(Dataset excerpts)
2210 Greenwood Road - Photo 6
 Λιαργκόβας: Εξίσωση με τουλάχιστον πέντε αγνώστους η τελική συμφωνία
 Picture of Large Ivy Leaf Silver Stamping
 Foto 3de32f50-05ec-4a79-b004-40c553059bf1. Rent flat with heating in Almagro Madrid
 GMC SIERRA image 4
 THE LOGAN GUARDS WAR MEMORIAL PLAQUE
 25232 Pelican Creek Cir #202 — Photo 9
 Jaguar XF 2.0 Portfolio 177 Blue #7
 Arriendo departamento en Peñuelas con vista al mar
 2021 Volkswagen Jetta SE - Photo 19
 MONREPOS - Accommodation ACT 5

(Exercise brief): Nothing in the records may be left out; transcribe all of them exactly.

(Your solution):
2210 Greenwood Road - Photo 6
 Λιαργκόβας: Εξίσωση με τουλάχιστον πέντε αγνώστους η τελική συμφωνία
 Picture of Large Ivy Leaf Silver Stamping
 Foto 3de32f50-05ec-4a79-b004-40c553059bf1. Rent flat with heating in Almagro Madrid
 GMC SIERRA image 4
 THE LOGAN GUARDS WAR MEMORIAL PLAQUE
 25232 Pelican Creek Cir #202 — Photo 9
 Jaguar XF 2.0 Portfolio 177 Blue #7
 Arriendo departamento en Peñuelas con vista al mar
 2021 Volkswagen Jetta SE - Photo 19
 MONREPOS - Accommodation ACT 5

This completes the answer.